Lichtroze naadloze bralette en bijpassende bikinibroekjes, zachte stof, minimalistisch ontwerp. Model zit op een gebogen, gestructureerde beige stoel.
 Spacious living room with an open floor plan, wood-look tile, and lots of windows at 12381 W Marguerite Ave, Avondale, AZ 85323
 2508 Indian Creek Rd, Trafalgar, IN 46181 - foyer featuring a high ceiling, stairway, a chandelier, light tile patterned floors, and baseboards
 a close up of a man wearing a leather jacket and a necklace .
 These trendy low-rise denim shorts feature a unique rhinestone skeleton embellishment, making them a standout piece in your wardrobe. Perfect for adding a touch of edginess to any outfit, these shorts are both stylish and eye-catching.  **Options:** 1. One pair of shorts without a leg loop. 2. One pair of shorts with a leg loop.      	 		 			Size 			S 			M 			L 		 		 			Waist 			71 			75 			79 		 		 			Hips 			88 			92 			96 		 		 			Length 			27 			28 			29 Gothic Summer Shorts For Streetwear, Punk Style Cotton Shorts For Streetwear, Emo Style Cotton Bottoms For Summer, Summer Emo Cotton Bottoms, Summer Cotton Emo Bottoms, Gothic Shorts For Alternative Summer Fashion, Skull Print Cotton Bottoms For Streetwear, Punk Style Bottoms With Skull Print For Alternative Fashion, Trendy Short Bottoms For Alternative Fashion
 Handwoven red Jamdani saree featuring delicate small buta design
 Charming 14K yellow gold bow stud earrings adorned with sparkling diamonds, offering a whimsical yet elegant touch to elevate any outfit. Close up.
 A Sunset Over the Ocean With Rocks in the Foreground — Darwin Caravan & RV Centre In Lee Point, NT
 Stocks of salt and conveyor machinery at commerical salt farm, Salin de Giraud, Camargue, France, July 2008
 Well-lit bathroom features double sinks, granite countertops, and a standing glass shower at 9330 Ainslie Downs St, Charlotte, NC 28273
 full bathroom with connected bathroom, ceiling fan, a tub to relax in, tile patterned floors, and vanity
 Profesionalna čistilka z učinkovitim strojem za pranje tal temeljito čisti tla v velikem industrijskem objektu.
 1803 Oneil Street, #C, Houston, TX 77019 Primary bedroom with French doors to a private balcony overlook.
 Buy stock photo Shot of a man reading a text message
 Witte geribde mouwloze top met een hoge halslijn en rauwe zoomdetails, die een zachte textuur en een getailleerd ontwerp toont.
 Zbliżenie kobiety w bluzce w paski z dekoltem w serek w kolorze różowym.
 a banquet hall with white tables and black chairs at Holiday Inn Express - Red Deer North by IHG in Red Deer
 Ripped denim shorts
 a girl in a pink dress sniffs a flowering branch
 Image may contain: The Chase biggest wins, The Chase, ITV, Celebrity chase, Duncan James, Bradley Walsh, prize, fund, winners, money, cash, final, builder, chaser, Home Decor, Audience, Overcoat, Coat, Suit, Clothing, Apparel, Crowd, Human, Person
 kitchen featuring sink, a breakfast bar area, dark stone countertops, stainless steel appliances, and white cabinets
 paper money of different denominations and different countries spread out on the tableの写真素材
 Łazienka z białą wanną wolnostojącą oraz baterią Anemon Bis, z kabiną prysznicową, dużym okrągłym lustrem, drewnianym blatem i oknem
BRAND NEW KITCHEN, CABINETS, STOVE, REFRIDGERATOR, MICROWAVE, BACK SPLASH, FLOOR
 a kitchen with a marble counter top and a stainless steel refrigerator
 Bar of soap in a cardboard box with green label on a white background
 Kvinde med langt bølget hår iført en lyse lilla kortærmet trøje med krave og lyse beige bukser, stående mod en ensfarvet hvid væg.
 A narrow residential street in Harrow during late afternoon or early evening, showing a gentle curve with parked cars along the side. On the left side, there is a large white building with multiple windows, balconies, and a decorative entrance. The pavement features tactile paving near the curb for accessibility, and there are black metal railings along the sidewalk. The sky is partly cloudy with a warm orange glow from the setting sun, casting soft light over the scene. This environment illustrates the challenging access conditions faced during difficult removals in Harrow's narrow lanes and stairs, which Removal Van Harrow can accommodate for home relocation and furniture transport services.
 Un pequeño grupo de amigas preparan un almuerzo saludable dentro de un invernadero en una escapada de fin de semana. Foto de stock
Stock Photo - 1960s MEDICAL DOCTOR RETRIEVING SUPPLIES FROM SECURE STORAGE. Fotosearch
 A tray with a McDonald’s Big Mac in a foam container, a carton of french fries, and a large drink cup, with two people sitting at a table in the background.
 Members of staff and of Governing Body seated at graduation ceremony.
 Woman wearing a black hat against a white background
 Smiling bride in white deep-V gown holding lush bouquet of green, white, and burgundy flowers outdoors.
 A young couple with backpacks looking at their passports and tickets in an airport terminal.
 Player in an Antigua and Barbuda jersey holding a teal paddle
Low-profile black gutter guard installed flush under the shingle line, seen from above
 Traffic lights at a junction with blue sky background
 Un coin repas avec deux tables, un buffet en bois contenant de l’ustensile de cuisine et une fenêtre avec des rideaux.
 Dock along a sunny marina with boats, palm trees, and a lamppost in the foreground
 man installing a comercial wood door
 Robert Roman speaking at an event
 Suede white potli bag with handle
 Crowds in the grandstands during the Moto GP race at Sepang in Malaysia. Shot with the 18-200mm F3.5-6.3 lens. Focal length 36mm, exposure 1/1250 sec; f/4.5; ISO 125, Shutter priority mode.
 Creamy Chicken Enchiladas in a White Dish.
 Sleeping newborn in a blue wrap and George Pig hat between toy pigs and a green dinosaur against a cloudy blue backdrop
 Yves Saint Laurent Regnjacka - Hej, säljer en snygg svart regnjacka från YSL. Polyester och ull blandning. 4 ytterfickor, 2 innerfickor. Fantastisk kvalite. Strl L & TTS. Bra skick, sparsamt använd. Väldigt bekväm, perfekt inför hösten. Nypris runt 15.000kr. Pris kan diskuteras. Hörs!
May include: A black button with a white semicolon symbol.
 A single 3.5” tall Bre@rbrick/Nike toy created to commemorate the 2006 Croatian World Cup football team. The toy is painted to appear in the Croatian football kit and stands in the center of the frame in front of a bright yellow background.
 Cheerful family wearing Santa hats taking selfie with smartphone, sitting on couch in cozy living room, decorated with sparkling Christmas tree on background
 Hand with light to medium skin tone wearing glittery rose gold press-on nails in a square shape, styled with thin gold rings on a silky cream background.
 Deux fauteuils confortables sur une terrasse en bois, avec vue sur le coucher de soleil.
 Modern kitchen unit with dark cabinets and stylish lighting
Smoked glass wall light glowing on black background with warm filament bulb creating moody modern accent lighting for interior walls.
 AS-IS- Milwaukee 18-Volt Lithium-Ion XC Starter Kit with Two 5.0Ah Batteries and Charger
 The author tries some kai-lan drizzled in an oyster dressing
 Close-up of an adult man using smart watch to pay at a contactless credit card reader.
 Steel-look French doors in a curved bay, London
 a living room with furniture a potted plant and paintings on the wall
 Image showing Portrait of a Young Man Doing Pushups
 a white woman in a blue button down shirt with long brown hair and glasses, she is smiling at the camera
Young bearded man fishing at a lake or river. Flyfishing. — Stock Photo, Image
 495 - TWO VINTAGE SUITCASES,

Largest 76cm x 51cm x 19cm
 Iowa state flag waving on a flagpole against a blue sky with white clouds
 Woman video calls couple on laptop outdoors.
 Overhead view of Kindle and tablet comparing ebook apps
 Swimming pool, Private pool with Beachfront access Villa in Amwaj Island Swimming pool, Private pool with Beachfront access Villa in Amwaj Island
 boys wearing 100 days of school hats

□ □ □ □ □ □ □

:: Directions for this task ::
What is needed is an exact transcription of every record above.

:: Task response ::
Lichtroze naadloze bralette en bijpassende bikinibroekjes, zachte stof, minimalistisch ontwerp. Model zit op een gebogen, gestructureerde beige stoel.
 Spacious living room with an open floor plan, wood-look tile, and lots of windows at 12381 W Marguerite Ave, Avondale, AZ 85323
 2508 Indian Creek Rd, Trafalgar, IN 46181 - foyer featuring a high ceiling, stairway, a chandelier, light tile patterned floors, and baseboards
 a close up of a man wearing a leather jacket and a necklace .
 These trendy low-rise denim shorts feature a unique rhinestone skeleton embellishment, making them a standout piece in your wardrobe. Perfect for adding a touch of edginess to any outfit, these shorts are both stylish and eye-catching.  **Options:** 1. One pair of shorts without a leg loop. 2. One pair of shorts with a leg loop.      	 		 			Size 			S 			M 			L 		 		 			Waist 			71 			75 			79 		 		 			Hips 			88 			92 			96 		 		 			Length 			27 			28 			29 Gothic Summer Shorts For Streetwear, Punk Style Cotton Shorts For Streetwear, Emo Style Cotton Bottoms For Summer, Summer Emo Cotton Bottoms, Summer Cotton Emo Bottoms, Gothic Shorts For Alternative Summer Fashion, Skull Print Cotton Bottoms For Streetwear, Punk Style Bottoms With Skull Print For Alternative Fashion, Trendy Short Bottoms For Alternative Fashion
 Handwoven red Jamdani saree featuring delicate small buta design
 Charming 14K yellow gold bow stud earrings adorned with sparkling diamonds, offering a whimsical yet elegant touch to elevate any outfit. Close up.
 A Sunset Over the Ocean With Rocks in the Foreground — Darwin Caravan & RV Centre In Lee Point, NT
 Stocks of salt and conveyor machinery at commerical salt farm, Salin de Giraud, Camargue, France, July 2008
 Well-lit bathroom features double sinks, granite countertops, and a standing glass shower at 9330 Ainslie Downs St, Charlotte, NC 28273
 full bathroom with connected bathroom, ceiling fan, a tub to relax in, tile patterned floors, and vanity
 Profesionalna čistilka z učinkovitim strojem za pranje tal temeljito čisti tla v velikem industrijskem objektu.
 1803 Oneil Street, #C, Houston, TX 77019 Primary bedroom with French doors to a private balcony overlook.
 Buy stock photo Shot of a man reading a text message
 Witte geribde mouwloze top met een hoge halslijn en rauwe zoomdetails, die een zachte textuur en een getailleerd ontwerp toont.
 Zbliżenie kobiety w bluzce w paski z dekoltem w serek w kolorze różowym.
 a banquet hall with white tables and black chairs at Holiday Inn Express - Red Deer North by IHG in Red Deer
 Ripped denim shorts
 a girl in a pink dress sniffs a flowering branch
 Image may contain: The Chase biggest wins, The Chase, ITV, Celebrity chase, Duncan James, Bradley Walsh, prize, fund, winners, money, cash, final, builder, chaser, Home Decor, Audience, Overcoat, Coat, Suit, Clothing, Apparel, Crowd, Human, Person
 kitchen featuring sink, a breakfast bar area, dark stone countertops, stainless steel appliances, and white cabinets
 paper money of different denominations and different countries spread out on the tableの写真素材
 Łazienka z białą wanną wolnostojącą oraz baterią Anemon Bis, z kabiną prysznicową, dużym okrągłym lustrem, drewnianym blatem i oknem
BRAND NEW KITCHEN, CABINETS, STOVE, REFRIDGERATOR, MICROWAVE, BACK SPLASH, FLOOR
 a kitchen with a marble counter top and a stainless steel refrigerator
 Bar of soap in a cardboard box with green label on a white background
 Kvinde med langt bølget hår iført en lyse lilla kortærmet trøje med krave og lyse beige bukser, stående mod en ensfarvet hvid væg.
 A narrow residential street in Harrow during late afternoon or early evening, showing a gentle curve with parked cars along the side. On the left side, there is a large white building with multiple windows, balconies, and a decorative entrance. The pavement features tactile paving near the curb for accessibility, and there are black metal railings along the sidewalk. The sky is partly cloudy with a warm orange glow from the setting sun, casting soft light over the scene. This environment illustrates the challenging access conditions faced during difficult removals in Harrow's narrow lanes and stairs, which Removal Van Harrow can accommodate for home relocation and furniture transport services.
 Un pequeño grupo de amigas preparan un almuerzo saludable dentro de un invernadero en una escapada de fin de semana. Foto de stock
Stock Photo - 1960s MEDICAL DOCTOR RETRIEVING SUPPLIES FROM SECURE STORAGE. Fotosearch
 A tray with a McDonald’s Big Mac in a foam container, a carton of french fries, and a large drink cup, with two people sitting at a table in the background.
 Members of staff and of Governing Body seated at graduation ceremony.
 Woman wearing a black hat against a white background
 Smiling bride in white deep-V gown holding lush bouquet of green, white, and burgundy flowers outdoors.
 A young couple with backpacks looking at their passports and tickets in an airport terminal.
 Player in an Antigua and Barbuda jersey holding a teal paddle
Low-profile black gutter guard installed flush under the shingle line, seen from above
 Traffic lights at a junction with blue sky background
 Un coin repas avec deux tables, un buffet en bois contenant de l’ustensile de cuisine et une fenêtre avec des rideaux.
 Dock along a sunny marina with boats, palm trees, and a lamppost in the foreground
 man installing a comercial wood door
 Robert Roman speaking at an event
 Suede white potli bag with handle
 Crowds in the grandstands during the Moto GP race at Sepang in Malaysia. Shot with the 18-200mm F3.5-6.3 lens. Focal length 36mm, exposure 1/1250 sec; f/4.5; ISO 125, Shutter priority mode.
 Creamy Chicken Enchiladas in a White Dish.
 Sleeping newborn in a blue wrap and George Pig hat between toy pigs and a green dinosaur against a cloudy blue backdrop
 Yves Saint Laurent Regnjacka - Hej, säljer en snygg svart regnjacka från YSL. Polyester och ull blandning. 4 ytterfickor, 2 innerfickor. Fantastisk kvalite. Strl L & TTS. Bra skick, sparsamt använd. Väldigt bekväm, perfekt inför hösten. Nypris runt 15.000kr. Pris kan diskuteras. Hörs!
May include: A black button with a white semicolon symbol.
 A single 3.5” tall Bre@rbrick/Nike toy created to commemorate the 2006 Croatian World Cup football team. The toy is painted to appear in the Croatian football kit and stands in the center of the frame in front of a bright yellow background.
 Cheerful family wearing Santa hats taking selfie with smartphone, sitting on couch in cozy living room, decorated with sparkling Christmas tree on background
 Hand with light to medium skin tone wearing glittery rose gold press-on nails in a square shape, styled with thin gold rings on a silky cream background.
 Deux fauteuils confortables sur une terrasse en bois, avec vue sur le coucher de soleil.
 Modern kitchen unit with dark cabinets and stylish lighting
Smoked glass wall light glowing on black background with warm filament bulb creating moody modern accent lighting for interior walls.
 AS-IS- Milwaukee 18-Volt Lithium-Ion XC Starter Kit with Two 5.0Ah Batteries and Charger
 The author tries some kai-lan drizzled in an oyster dressing
 Close-up of an adult man using smart watch to pay at a contactless credit card reader.
 Steel-look French doors in a curved bay, London
 a living room with furniture a potted plant and paintings on the wall
 Image showing Portrait of a Young Man Doing Pushups
 a white woman in a blue button down shirt with long brown hair and glasses, she is smiling at the camera
Young bearded man fishing at a lake or river. Flyfishing. — Stock Photo, Image
 495 - TWO VINTAGE SUITCASES,

Largest 76cm x 51cm x 19cm
 Iowa state flag waving on a flagpole against a blue sky with white clouds
 Woman video calls couple on laptop outdoors.
 Overhead view of Kindle and tablet comparing ebook apps
 Swimming pool, Private pool with Beachfront access Villa in Amwaj Island Swimming pool, Private pool with Beachfront access Villa in Amwaj Island
 boys wearing 100 days of school hats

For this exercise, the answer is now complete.